Search code examples
cosine-similarityweaviateapproximate-nn-searching

Weaviate - top hits for with_near_vector() doesn't include the record whose vector perfectly matches query vector


I have a very large Weaviate vector storage class (700,000 records) in which I pass my own custom vectors. I’m trying to get distances against a vector I pass as below. The vector is actually a match to one of the records, so I know the top hit should be the record with the identical vector (distance very close to 0). However, when I ask for top hits, the “closest” record is returning a distance of around 0.10, and this record is definitely not the record that matches my query vector perfectly (node_type="type1" instead of "type2").

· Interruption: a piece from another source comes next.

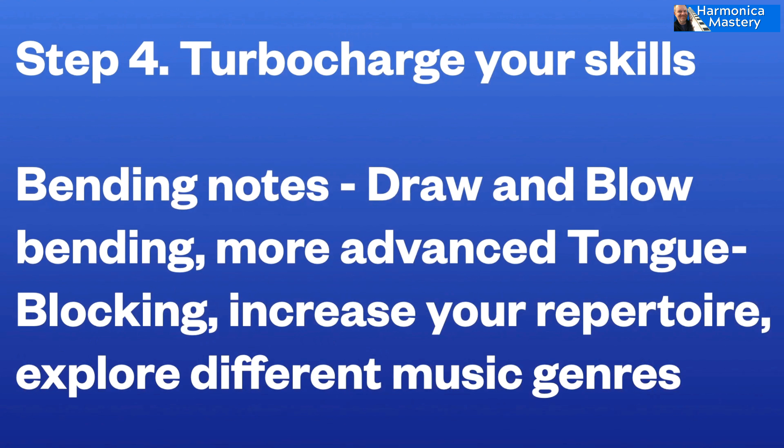So you can see that we're getting in a bit deeper. So that's stage three: playing with other people. And number four is we need to turbocharge those skills, and that means bending notes. There are four types of note bending: draw bending, blow bending, overblow and overdraw. So I will teach you all of those and show you how to use them.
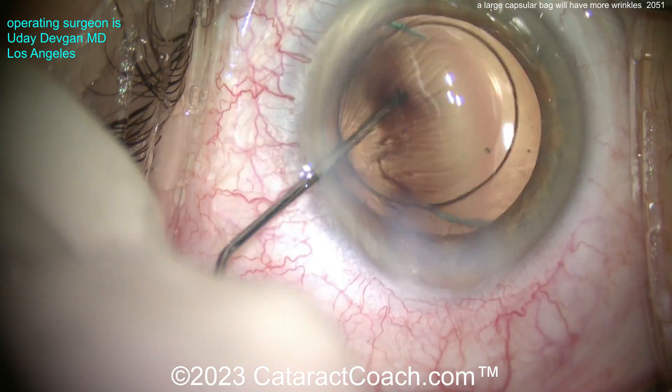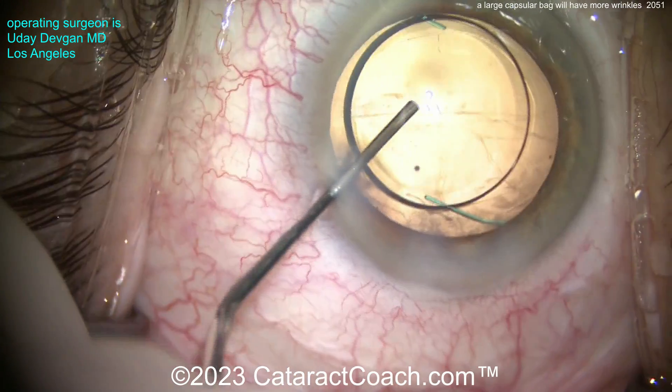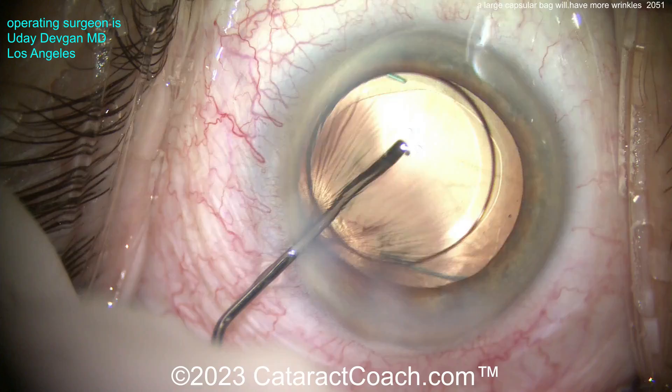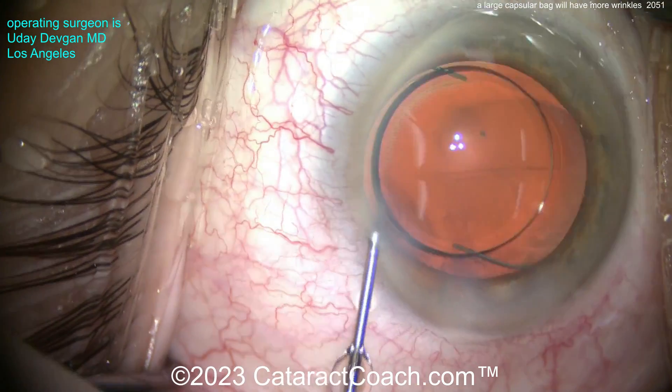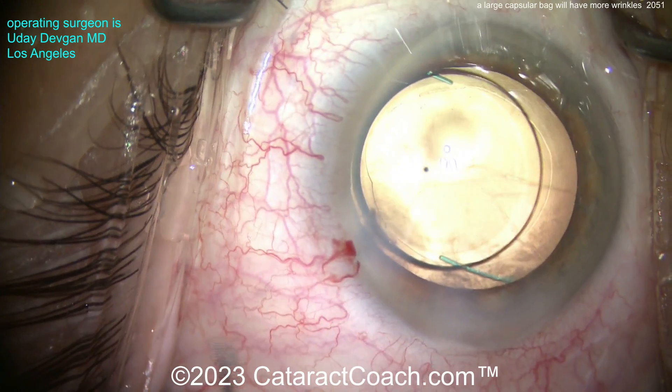You can still inflate the eye a little bit more to push those wrinkles out, then keep the eye inflated at the end. Now see the wrinkles at the inferior haptic-optic junction. When you fill the bag up you're going to have a lot less of those. There we go — this will tend to stick in place. We're pretty happy; most of the wrinkles are out. On to the next case.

# NOTE: mean_emb is a numpy array that matches a record pushed to the MyClass weaviate class.
# This theoretically should return distances from all 700k records to specified vector, since "distance" = 1.0, but I get why it wouldn't computationally
result = (client.query.get("MyClass", ["message", "node_type", "my_id", "timestamp"])
          .with_near_vector({"vector": mean_emb.tolist(), "distance": 1.0})
          .with_additional(["vector", "distance"]).do())
result = result["data"]["Get"]["MyClass"]
print(len(result))  # only 11,100 distances are returned

It looks like with_offset() doesn’t like it when the offset is >100,000.

I have tried pagination using with_after() but with_after doesn’t support queries with with_near_vector(), and I have also tried with_offset() + with_limit(), but this is terribly slow. Is there a workaround / what am I doing wrong here / how to query my class so that my top N query includes the true record match (distance close to 0)?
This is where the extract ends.